__DESCRIPTION OF THE TASK__. Every line of the material below needs to be copied exactly; omit the pictures.

__GIVEN INFORMATION__.
■ ■ ■ ■ ■ ■ ■

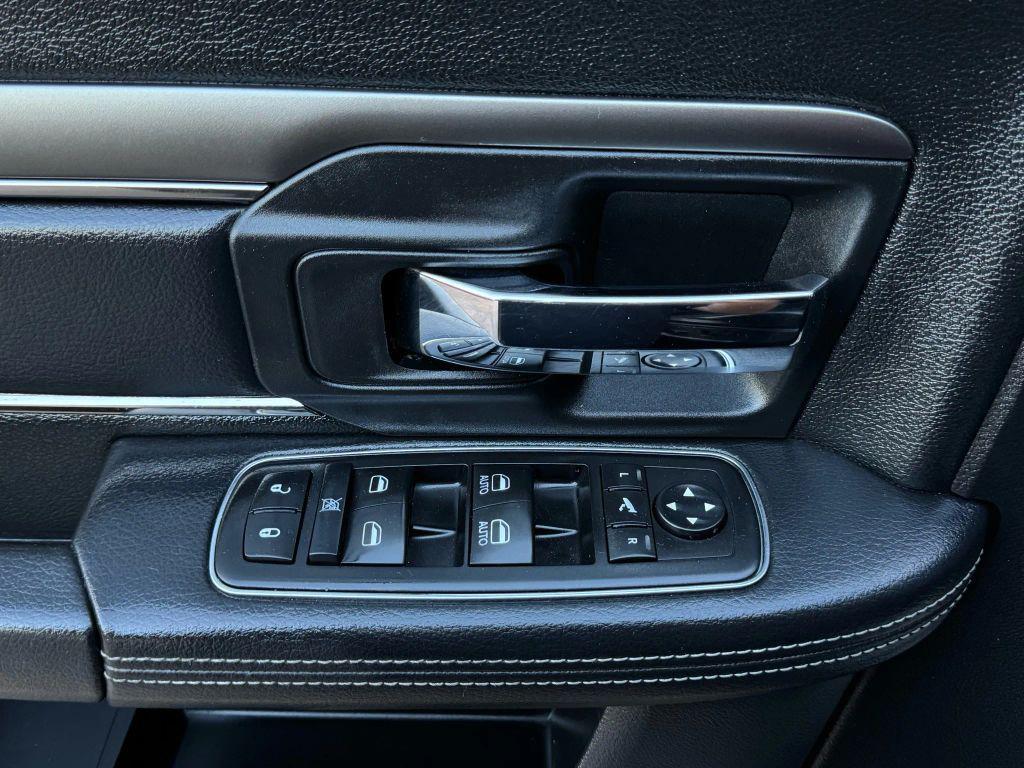 used 2015 Ram 1500 car, priced at $24,995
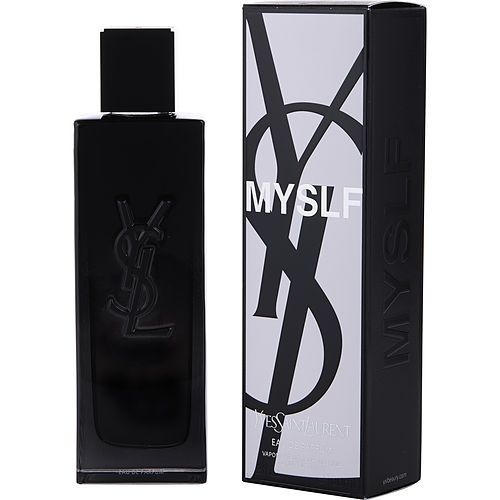 MYSLF YVES SAINT LAURENT by Yves Saint Laurent EAU DE PARFUM REFILLABLE SPRAY 3.4 OZ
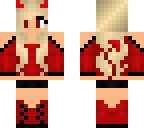halloween costume devil girl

■ ■ ■ ■ ■ ■ ■

__ANSWER__.
 used 2015 Ram 1500 car, priced at $24,995
 MYSLF YVES SAINT LAURENT by Yves Saint Laurent EAU DE PARFUM REFILLABLE SPRAY 3.4 OZ
halloween costume devil girl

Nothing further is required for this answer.